### RECORDS FOR THIS EXERCISE ###

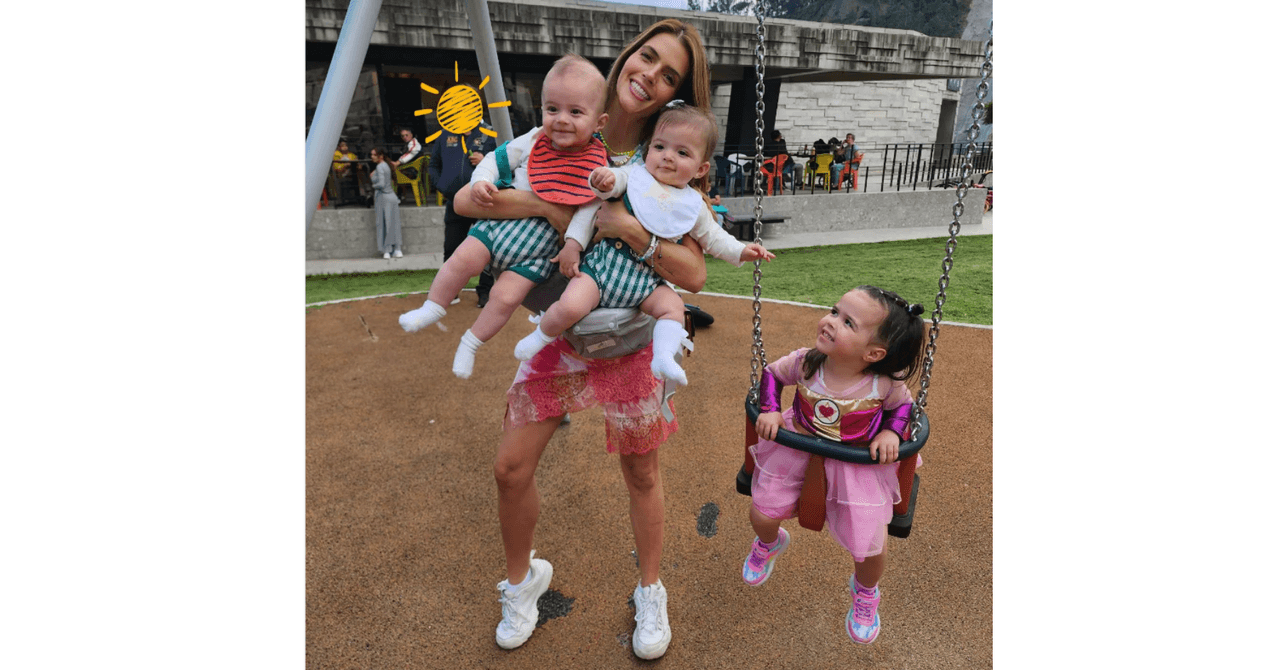 Claudia Álvarez y sus hijos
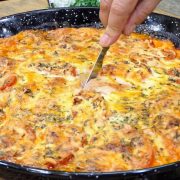 echa un vistazo a esta pizza casera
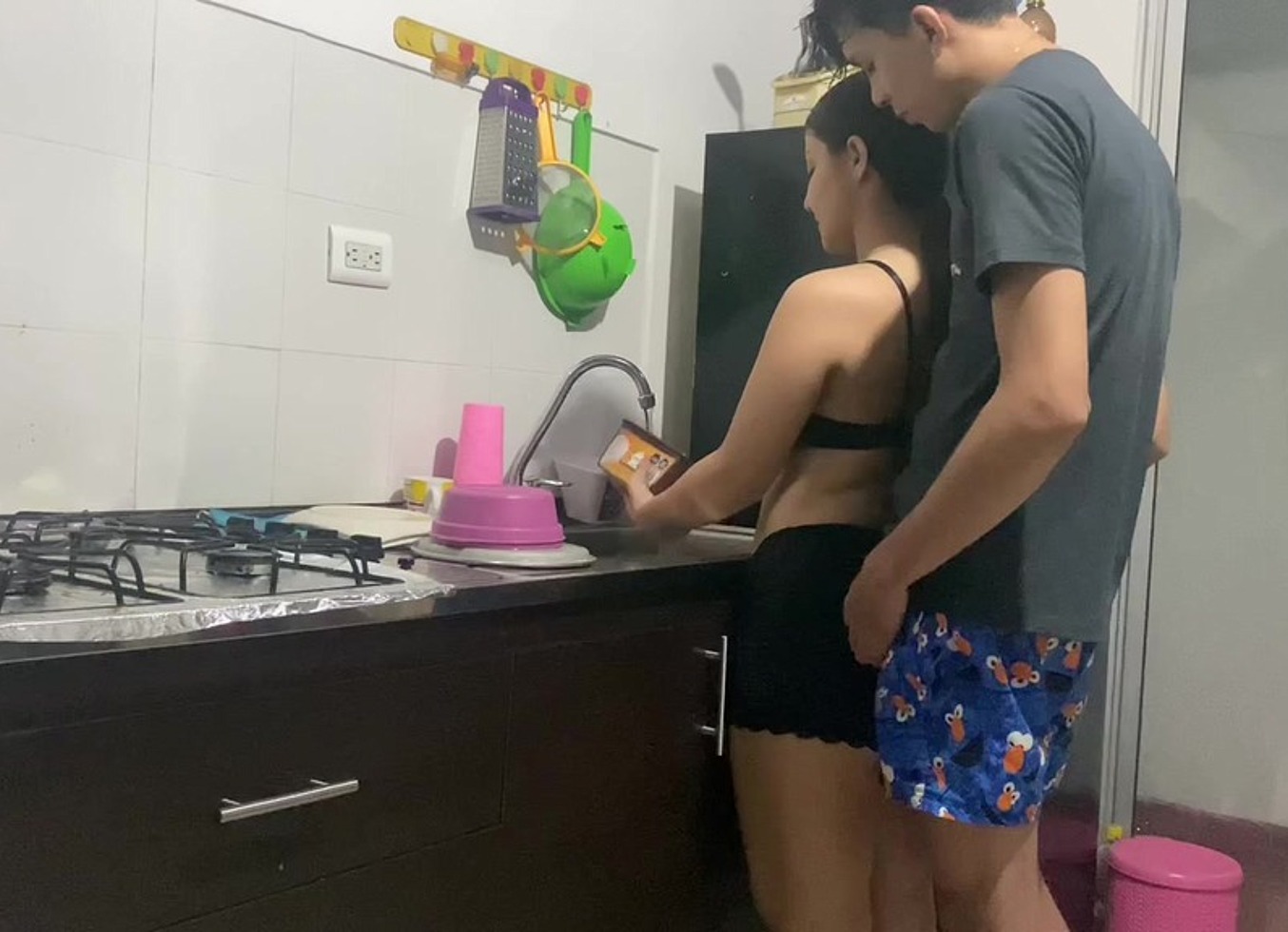 Mi Companera De Cuarto Esta En La Cocina Cocinado Mi Comida Y Aprovecho Para Follarmela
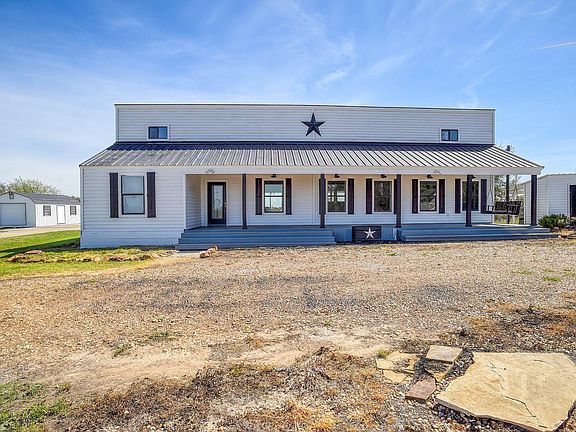 2nd image of 4165 Pin Oak Rd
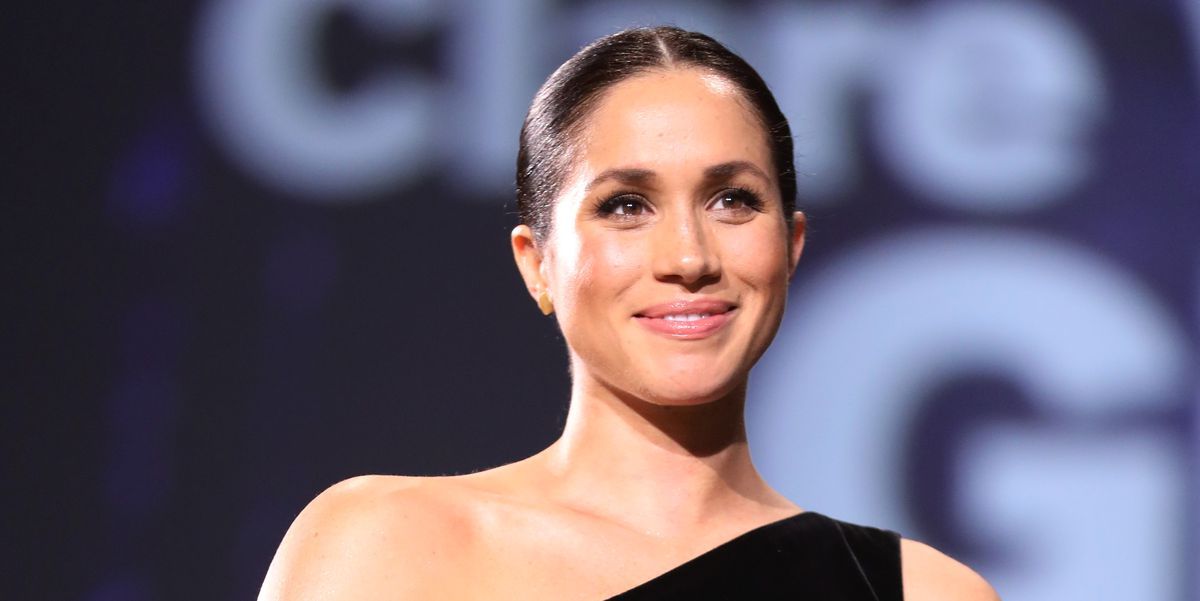 Meghan Markle luce su avanzado embarazado y rompe el protocolo real con este detalle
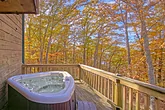 One Bedroom Honeymoon Cabin with Hot Tub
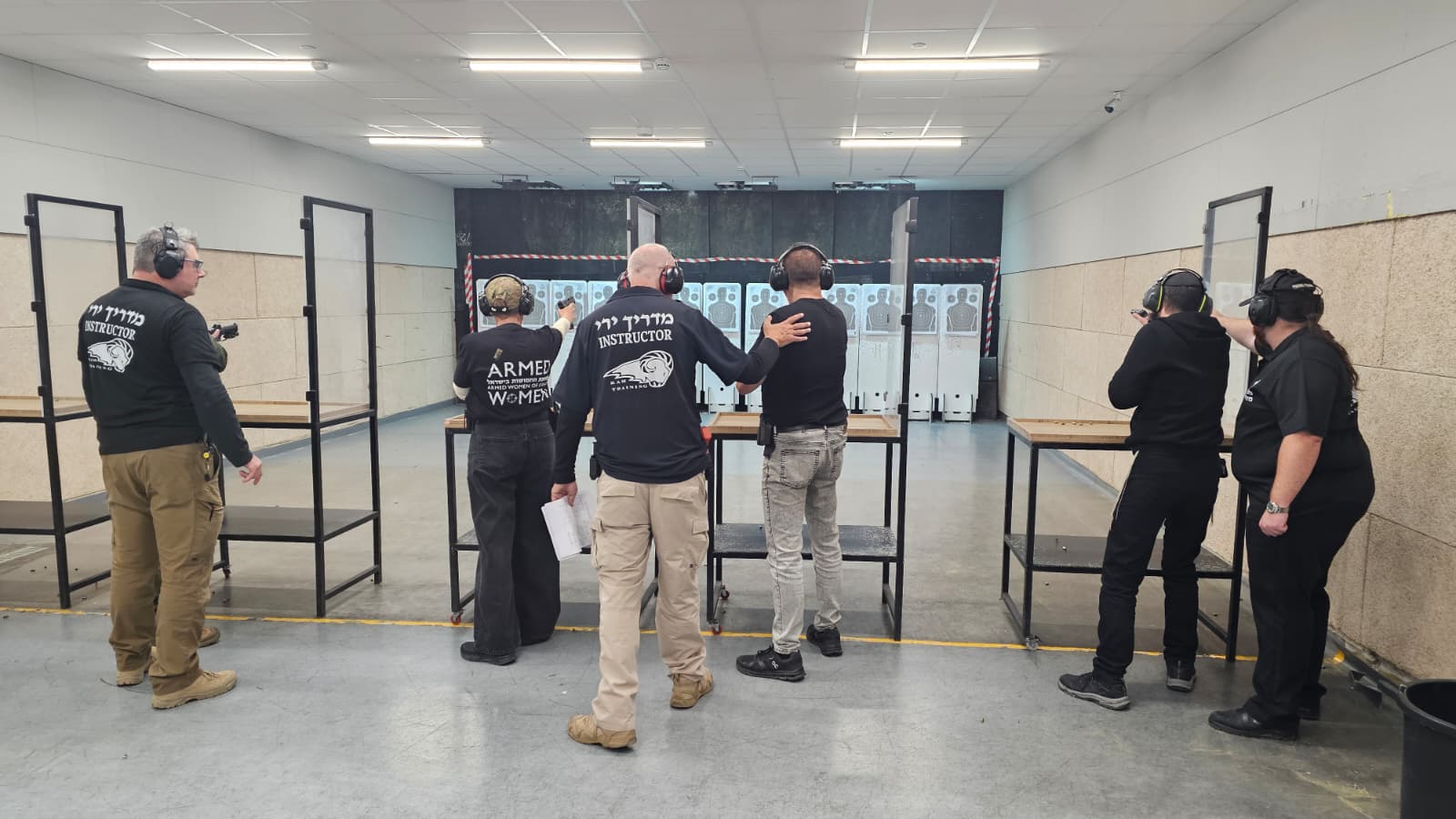 אימון ירי ביד אחת עם מדריך הירי רמי קליאוט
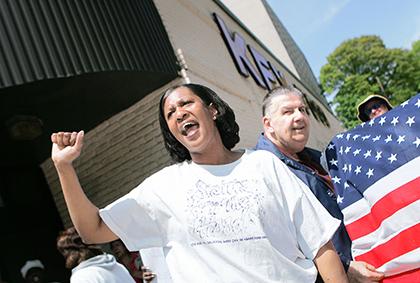 Flushing residents rally to keep Key Food open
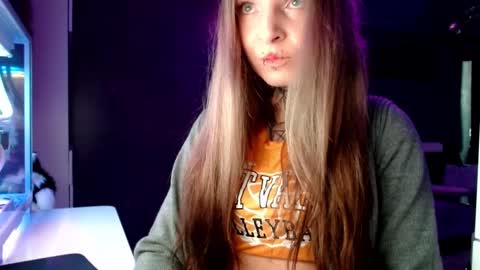 Snapshot of inesdesire chatting on February 5, 8:11 am InesDesire online show from February 5, 8:11 am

###

*WHAT TO WORK ON:* Exact reproduction of the entries above is required, with pictures excluded.

*RESPONSE TO THE TASK:*
 Claudia Álvarez y sus hijos
 echa un vistazo a esta pizza casera
 Mi Companera De Cuarto Esta En La Cocina Cocinado Mi Comida Y Aprovecho Para Follarmela
 2nd image of 4165 Pin Oak Rd
 Meghan Markle luce su avanzado embarazado y rompe el protocolo real con este detalle
 One Bedroom Honeymoon Cabin with Hot Tub
 אימון ירי ביד אחת עם מדריך הירי רמי קליאוט
 Flushing residents rally to keep Key Food open
 Snapshot of inesdesire chatting on February 5, 8:11 am InesDesire online show from February 5, 8:11 am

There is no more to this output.